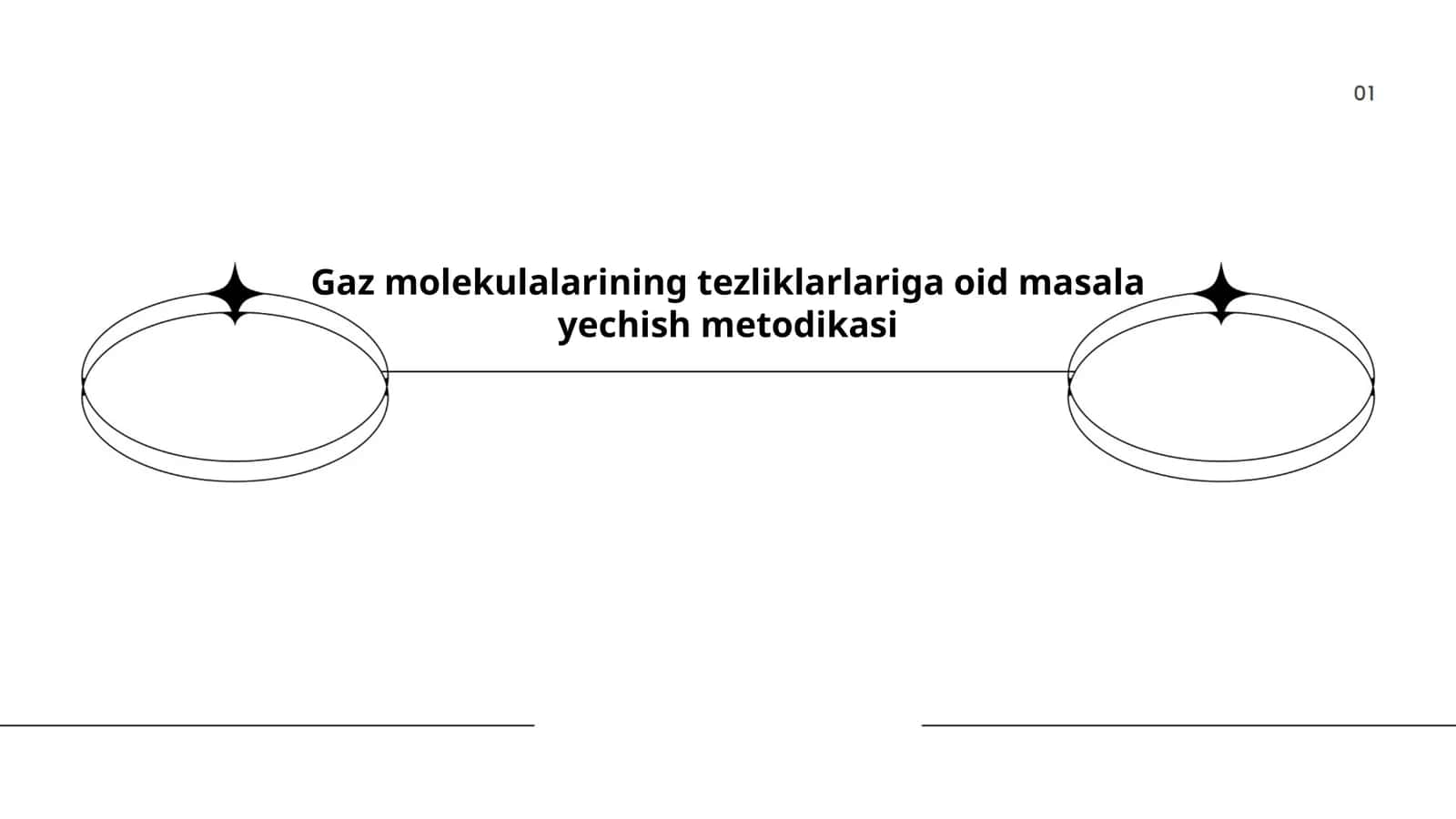 Gaz molekulalarining tezliklarlariga oid masala yechish metodikasi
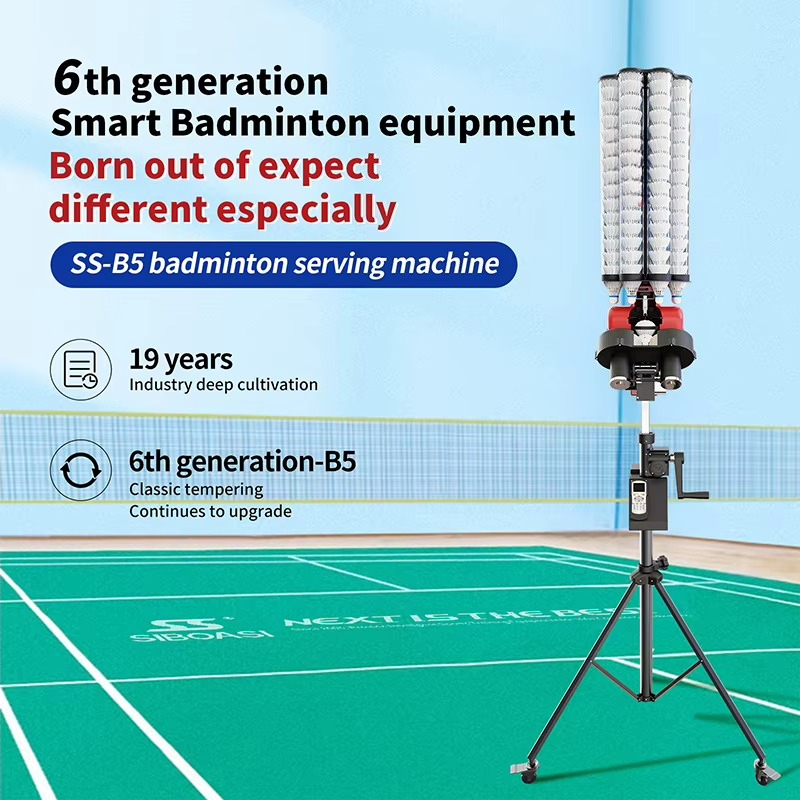 Máquina lanzapelotas de bádmin - Badminton Online reseña y precio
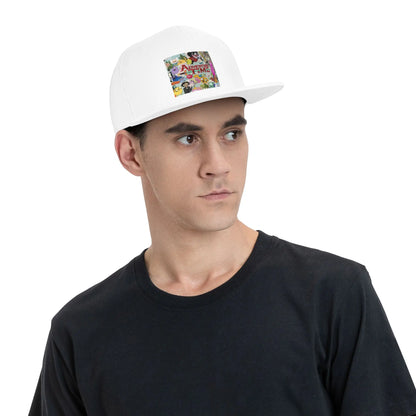 Adventure Time Cartoon Print Casual Snapback Cap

☆ ☆ ☆ ☆ ☆ ☆ ☆

> **PROBLEM DESCRIPTION**
From the line with "Máquina lanzapelotas de" to the last line above, restate each line word for word, but skip the pictures.

> **ANSWER SPACE**
 Máquina lanzapelotas de bádmin - Badminton Online reseña y precio
 Adventure Time Cartoon Print Casual Snapback Cap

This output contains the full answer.